Carta del Obispo Iglesia en España

Con la primavera y con las flores, por el arzobispo de Mérida-Badajoz, Santiago García Aracil

Con la primavera y con las flores, por el arzobispo de Mérida-Badajoz, Santiago García Aracil

(Un canto a María)

La Virgen María siendo la Madre de Dios encarnado, es la primavera que anuncia una etapa nueva, misericordiosa y bella para la humanidad empecatada.

María, por ser llena de gracia, es la flor que destaca en el inmenso y verde prado de la Iglesia en que brillan los santos de todos los tiempos.

María, como primavera de la vida, nos alivia de los molestos rigores del invierno que empobrecen el paisaje y hacen peligrar el optimismo en la espera de abundantes frutos.

María, como flor, que destaca en el mundo por su belleza y singular figura, llena la tierra con la fragancia de la gracia de Dios que la hace bendita entre las mujeres.

María, como flor de primavera, anuncia los frutos que el amor infinito de Dios, manifestado en Jesucristo, hará brotar entre los hombres con la fuerza renovadora de su amor universal convertido en canto de ternura y de misericordia.

María, como parte del árbol humano que integramos los hijos de Dios, está radicalmente vinculada a nosotros con el sacratísimo título de Madre de Dios, Madre de la Iglesia y Madre de todos los hombres. Título que le corresponde por ser Madre del nuevo Adán, y porque lo recibió en el Calvario como el testamento de amor de su Hijo.

María, como intercesora nuestra nos lleva en sus brazos ante el trono del Padre, haciendo de nosotros una ofrenda que Él mismo ha creado y por la que ha dado su vida en la cruz.

María, como Madre amantísima, nos enseña, con su testimonio y con pocas y acertadas  palabras, cómo quiere Dios que correspondamos al amor que nos tiene a pesar de nuestros pecados y torpezas.

María, como un dulce canto de ternura cultivada junto a Dios, va sembrando en el mundo la gratitud al Señor, que todo nos lo da y que a todos busca y llama hacia sí.

María es como un inmenso candelabro que, situado en el centro de la historia, eleva la luz de Cristo para que alumbre a los hombres de todos los tiempos, razas y lugares.

María, dando a luz al Hijo de Dios, y mostrándolo a cuantos iban conociendo su nacimiento, es, para todos los discípulos de Jesucristo, la Estrella de la Evangelización. Por ello es maestra en el cumplimiento del mandato que nos dio Jesucristo para que anunciáramos el Evangelio a todos los pueblos.

María, como esposa del Espíritu Santo, por quien engendró en sus purísimas entrañas al Mesías redentor, es, a la vez, el Templo más preciado de la Santísima Trinidad.

María, con su fe intachable, con su humildad capaz de mover el corazón generoso de Dios, con la belleza de su alma que fue espejo de la grandeza y magnanimidad divinas, y con el testimonio de su entereza ante el dolor, se ha convertido en la voz humana más armoniosa al cantar el gozo que brota de la fidelidad cristiana.

María, como criatura humana, por su irrepetible y sobresaliente santidad, es maestra de jóvenes y adultos, de hombres y mujeres. María es maestra de humanidad y, especialmente, de la nueva humanidad.

María, puesto que ha brillado como astro de ejemplar fidelidad al Señor, es guía de coherencia para todos nuestros comportamientos; especialmente en los momentos de mayor dificultad.
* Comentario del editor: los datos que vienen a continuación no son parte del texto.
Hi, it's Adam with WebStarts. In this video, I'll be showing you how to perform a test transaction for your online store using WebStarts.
María proclama la grandeza del Señor y manifiesta alegrarse en Dios nuestro Salvador, porque reconoce cuánto ha recibido de Él. Por ello se alegra su espíritu hasta exclamar en un canto de gratitud. Y nos llama a mirar a Dios de frente, como a un Padre, con tanto amor como arrepentimiento, con tanta esperanza como ilusión, y con la plena seguridad de que Dios, que ha comenzado en nosotros la obra buena, él mismo la llevará a término.
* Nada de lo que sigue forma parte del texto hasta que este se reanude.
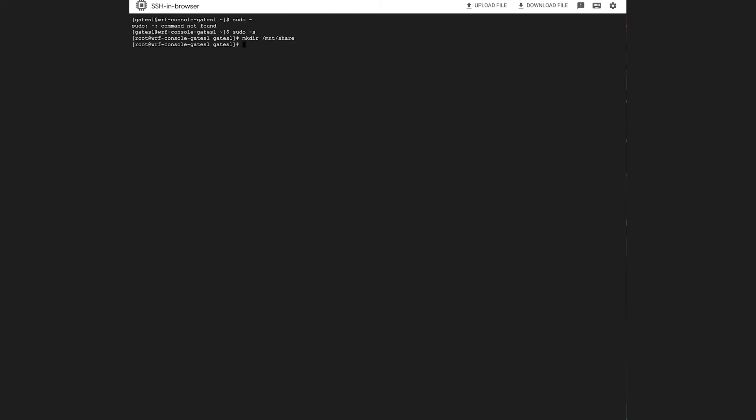The next step is to mount the share that we've created for our file store. We'll become root, create the share location, get our share, and mount it.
En el Mes de Mayo, tradicionalmente dedicado a la Virgen, mes de la primavera y de las flores, de la ilusión y de la esperanza, y tiempo oportuno para nuestra salvación, miremos a María con cariño filial, con  fe cristiana, con humildad y plena confianza. Sentiremos entonces la mano que nos ayuda y el beso de ternura que alivia nuestras tensiones interiores y las oscuridades que nos hacen temer en el camino hacia Dios.